The firefighter then descends back down the tower carrying the same 42-pound rope he climbed up with. Competitors must then utilize a Keiser Force Machine using a provided nine-pound mallet, and with both feet on a diamond plate, the competitor is required to drive a 162-pound steel beam a horizontal distance of five feet.

Then comes the hose advance part of the course, where competitors are required to drag a fire hose through the course without missing or knocking over any delineator. Once through a set of swinging doors, the competitor must open the nozzle and successfully hit a target.

Finally, a victim rescue ends the course with the competitor lifting and dragging backwards 106 feet a “Rescue Randy” weighing 175 pounds.

Penalties are given throughout the course for various reasons. For example, on the way up the five-story tower, firefighters are allowed to skip steps while climbing. Coming back down the tower, the firefighter is required to hit every step in sequence. Typically, the event is run with five firefighters to a team. NFD has only three.

“We are having to share and when you go to these events and you are doing multiple races in a day you have to switch up what you are doing,” Moss said. “You can’t run the tower 10 times, you can’t do it. Where we only have three people, we are switching it up and we are still going to be doing multiple events on each race compared to these other teams that have five people.”

To prepare, the team works out every day a minimum of one hour. Trying to commit to cardio in the morning and weights or a mini-course in the afternoon, the team puts in what their shifts at the NFD will allow.

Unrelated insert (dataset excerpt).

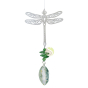 Suspension libellule mobile inox feng shui intérieur extérieur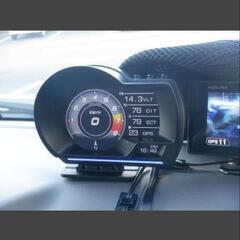 P6　ヘッドアップディスプレイ スピードメーター OBD2+GPSモード タコメーター 故障診断 ECUのデータを読み取る 表示改良 警告機能付きの画像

“The bad thing about Nicholasville is we have a policy where there is no building over three stories tall,” Moss said. “That makes it hard to train for a five-story tower. I go on my off days to the University Kentucky parking garage that is six stories tall and run stairs there.”

Polley said the competition inspires job readiness and being as physically fit as you can to do the job.

“We have known for years one of the biggest killers of firefighters is heart attacks and it comes from having the stress of the job,” Polley said.

Moss agreed. He said 45 percent of firefighter deaths are from heart-related issues with studies showing most of them are from overexertion and stress. In fact, in 2016, Moss said, 132 first responders committed suicide and that number goes up every year. Statistics, he said, are linked to the calls which come back to haunt the first responder, substance abuse, poor nutrition and poor physical fitness.

“With this (the competition) it helps you physically and mentally,” Moss said. “It teaches your body and mind to work under a stressful environment so when you get to a fire, and you have 100 things happening, you are already trained to put the stress aside and be able to focus on what you are doing.

“Studies show if you have poor physical fitness and you add poor nutrition, you do not feel good. You don’t feel good about yourself and you don’t have a positive attitude which leads to family issues and life issues. All that on top of itself is becoming overwhelming. Part of this is to promote physical fitness, to promote brotherhood, to promote the family and just to have fun.”

Overall, the team agreed the amount of positive feedback they have received is uncommon and the fire department as a whole has been nothing but supportive. The competition, they believe, will serve as an opportunity to meet people so the rest of the world can learn more about the NFD and where they live.

“It would be nice if one day we could say, ‘I am from Nicholasville,’ and people would say, ‘oh yeah I know where that is at,’” Polley said. “Instead it is like ‘where?’ ‘South of Lexington,’ ‘Oh yeah, I know where that is.’ One day, we will not just be known as south of Lexington.”